Strategi dalam mewujudkan target program Penanggulangan Cacingan
meliputi:

a. Meningkatkan komitmen Pemerintah Pusat dan Pemerintah Daerah


untuk menjadikan program Penanggulangan Cacingan sebagai
program prioritas;

b. Meningkatkan koordinasi lintas program, lintas sektor, dan peran


serta masyarakat dengan mendorong kemitraan baik dengan
kelompok usaha maupun lembaga swadaya masyarakat;

c. Mengintegrasikan kegiatan Penanggulangan Cacingan dengan


kegiatan POPM Filariasis, penjaringan anak sekolah, usaha
kesehatan sekolah, dan pemberian vitamin A di posyandu dan
pendidikan anak usia dini serta menggunakan pendekatan keluarga;

d. Mendorong program Penanggulangan Cacingan masuk dalam


rencana perbaikan kualitas air serta berkoordinasi dengan
kementerian yang bertanggung jawab dalam penyediaan sarana air
bersih;

e. Melakukan sosialisasi perilaku hidup bersih dan sehat di pendidikan


anak usia dini dan sekolah dasar atau madrasah ibtidaiyah; dan

f. Melakukan pembinaan dan evaluasi dalam pelaksanaan


Penanggulangan Cacingan di daerah.

Dalam penyelenggaraan Penanggulangan Cacingan dilaksanakan


kegiatan :

a. Promosi Kesehatan
Kegiatan promosi kesehatan dilaksanakan dengan strategi
advokasi, pemberdayaan masyarakat, dan kemitraan, yang ditujukan
untuk :

a) Meningkatkan pengetahuan masyarakat tentang tanda dan gejala


Cacingan serta cara penularan dan pencegahannya;

b) Meningkatkan perilaku hidup bersih dan sehat guna memelihara


kesehatan dengan cara :

1. Cuci tangan pakai sabun;

2. Menggunakan air bersih untuk keperluan rumah tangga;

3. Menjaga kebersihan dan keamanan makanan;

4. Menggunakan jamban sehat; dan

5. Mengupayakan kondisi lingkungan yang sehat;

c) Meningkatkan perilaku mengkonsumsi obat cacing secara rutin


terutama bagi anak balita dan anak usia sekolah; dan

d) Meningkatkan koordinasi institusi dan lembaga serta sumber


daya untuk terselenggaranya reduksi Cacingan.

Kegiatan promosi kesehatan dilaksanakan sesuai dengan ketentuan


peraturan perundang-undangan.

b.
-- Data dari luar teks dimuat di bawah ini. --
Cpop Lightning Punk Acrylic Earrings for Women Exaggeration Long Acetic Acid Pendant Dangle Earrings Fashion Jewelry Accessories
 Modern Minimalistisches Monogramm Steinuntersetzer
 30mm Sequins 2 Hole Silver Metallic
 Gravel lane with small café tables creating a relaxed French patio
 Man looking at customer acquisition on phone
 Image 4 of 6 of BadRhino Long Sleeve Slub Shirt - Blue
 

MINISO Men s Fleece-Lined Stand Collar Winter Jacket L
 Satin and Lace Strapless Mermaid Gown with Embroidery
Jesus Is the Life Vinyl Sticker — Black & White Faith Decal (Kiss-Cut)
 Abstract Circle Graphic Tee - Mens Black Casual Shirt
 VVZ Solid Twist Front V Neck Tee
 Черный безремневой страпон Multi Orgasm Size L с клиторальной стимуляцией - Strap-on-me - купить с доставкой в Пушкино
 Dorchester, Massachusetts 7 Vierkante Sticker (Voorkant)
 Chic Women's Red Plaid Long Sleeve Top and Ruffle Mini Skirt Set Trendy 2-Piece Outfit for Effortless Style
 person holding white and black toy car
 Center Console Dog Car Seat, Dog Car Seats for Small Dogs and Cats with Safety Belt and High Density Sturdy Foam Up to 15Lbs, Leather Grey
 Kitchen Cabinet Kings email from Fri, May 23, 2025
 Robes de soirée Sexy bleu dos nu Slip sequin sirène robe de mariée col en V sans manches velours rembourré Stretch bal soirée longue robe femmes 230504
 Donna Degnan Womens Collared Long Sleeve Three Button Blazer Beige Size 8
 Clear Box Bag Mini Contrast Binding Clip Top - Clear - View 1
Surveilans Cacingan

Surveilans Cacingan adalah kegiatan pengamatan


yang sistematis dan terus menerus terhadap data dan
informasi tentang kejadian Cacingan dan kondisi yang
mempengaruhi terjadinya peningkatan dan penularan
Cacingan untuk memperoleh dan memberikan
informasi guna mengarahkan tindakan penanggulangan
secara efektif dan efisien.

Surveilans Cacingan dilakukan melalui peemuan kasus


cacingan, survey factor risiko, dan survey prevalensi cacingan :

1. Penemuan kasus Cacingan

Penemuan kasus Cacingan dilakukan secara aktif melalui


penjaringan anak sekolah dasar atau madrasah ibtidaiyah dan
secara pasif melalui penemuan kasus berdasarkan laporan pasien
yang berobat di fasilitas pelayanan kesehatan dengan
pemeriksaan sampel tinja.

a) Tujuan pemeriksaan sampel adalah menegakkan diagnosis


pasti, dengan melihat melalui mikroskop ada atau tidaknya
telur cacing dan jenis telur cacing serta menentukan
intensitas infeksi dengan teknik Katokatz

b) Interpretasi hasil pemeriksaan sampel tinja.


Hasil pemeriksaan sampel tinja dinyatakan dengan kualitatif
yaitu positif dan negative, dan proporsi hasil positif dari
sampel tinja yang diperiksa memberikan interpretasi tingkat
prevalensi dari sejumlah sampel yang diperiksa. Selain itu
pemeriksaan sampel tinja juga dapat dinyatakan secara
kuantitatif yaitu menyatakan jumlah telur cacing per gram
tinja dalam setiap sediaan yang diperiksa. Dan hal ini
menggambarkan intensitas infeksi pada sampel individu
yang diperiksa.

c) Pencatatan hasil pemeriksaan sampel tinja.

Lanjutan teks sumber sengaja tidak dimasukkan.